Code-Memo

API Security

Rate limiting

  1. Protects availability and cost; apply per IP, API key, user, and route as needed.
  2. Return 429 Too Many Requests with Retry-After or structured backoff hints.
  3. Separate burst limits from sustained quotas for better UX.

Input validation

  1. Validate shape, size, and semantics (types, ranges, enums) at the edge (gateway) and in services.
  2. Reject unknown fields explicitly if you want forward compatibility, or define ignore vs error policy.
  3. Cap max JSON depth, string lengths, and array sizes to reduce DoS surface.

CORS (Cross-Origin Resource Sharing)

  1. Browsers enforce CORS for cross-origin XHR/fetch; non-browser clients ignore it.
  2. Avoid Access-Control-Allow-Origin: * with credentials; prefer explicit origins.
  3. Preflight (OPTIONS) adds latency; keep allowed methods and headers minimal.

HTTPS requirement

  1. Encrypt data in transit; terminate TLS at the gateway or ingress with modern ciphers and HSTS where appropriate.
  2. Never send secrets in query strings (they leak via logs and referrers).
  3. Use mTLS for high-trust service meshes or partner integrations when needed.
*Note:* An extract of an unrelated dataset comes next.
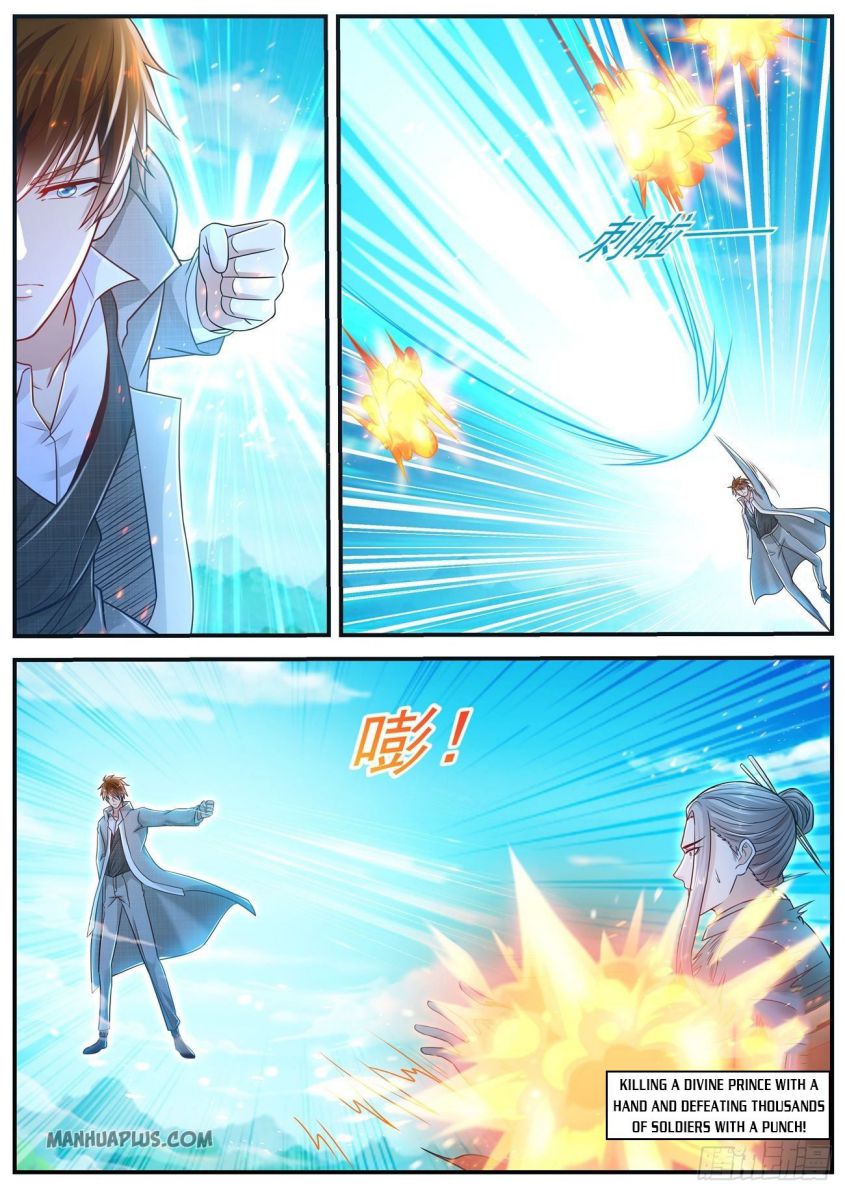 Rebirth Of The Urban Immortal Cultivator — Chapter 608 — page 10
Preventing common attacks (XSS, injection basics in APIs)

  1. Treat all input as hostile; parameterize queries; never concatenate SQL/HTML from user input.
  2. Encode or sanitize output that might render in HTML contexts; APIs returning HTML are rare but risky.
  3. Log and alert on auth anomalies, enumeration, and payload patterns typical of scanners.